One reason the comparison fits is that Baum obviously doesn’t qualify as capital-L Literature the way Lewis Carroll does. Like his nearest equivalent, Margaret Mitchell, he’s in the lesser but fascinating category of people whose contributions to a culture end up feeling like its primary texts precisely because they seem unmediated by art—or at least unshaped by a detectable artistic personality. That’s why a movie as great as Nosferatu doesn’t cast the elemental spell of King Kong.
No wonder that in Loncraine’s account, Baum’s life story reads more like an inventor’s than a writer’s—stimulated by gadgets and partial to all sorts of random if not addlepated activity until a eureka moment even he can’t account for. In boyhood his first tries at writing were prompted by the gift of a toy printing press; which was the chicken and which was the egg is anybody’s guess. He was stagestruck as well, leading to an early career as the manager and star of a touring company that performed in melodramas of Baum’s devising. He gave up the profession when a fire destroyed the elaborate props and illusion-making machinery that were his pride and joy.
The troupe’s Kansas gigs seem to have been the only time Baum set eyes on Dorothy’s future home. His own Great Plains stint came when he relocated his growing family in 1888 to the town of Aberdeen in the Dakota territories. After the failure of his first venture there—Baum’s Bazaar, a luxury emporium whose line of fripperies stopped selling at the first drought—he ended up running a weekly newspaper. That let him indulge his eccentric streak in ways both pleasant (an invented boardinghouse landlady voiced his casual opinions) and unpleasant. Not only did one editorial call for the “annihilation” of the Indians, but it was his singularly incoherent response to the massacre at Wounded Knee.
For Oz’s origins, however, we can thank Chicago, the Baum clan’s next residence and fortuitously the site of the 1893 World’s Fair. Packed with technological marvels, the fair’s fabled White City was so patently the inspiration for Baum’s emerald one that—in the first Oz book though not the sequels—Oz’s magical capital actually is white. Only the goggles the Wizard compels everyone to wear turn it green.

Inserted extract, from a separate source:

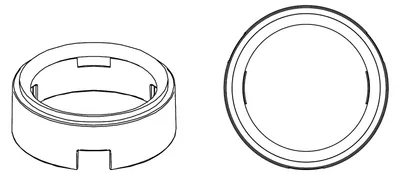 Image de Helix CFMK20 POR.1 Adaptateur pour tweeter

We can’t be sure whether Baum attended one of the fair’s intellectual sideshows: historian Frederick Jackson Turner’s lecture on the closing of the American frontier. Nonetheless, it does seem almost too perfect that The Wonderful Wizard of Oz came out in 1900—as good a chronological dividing line as any between the two versions of America that Baum’s “Kansas” and “Oz” stand for in our imagination. His fable’s durability is all in how easily nostalgia and futurism coexist.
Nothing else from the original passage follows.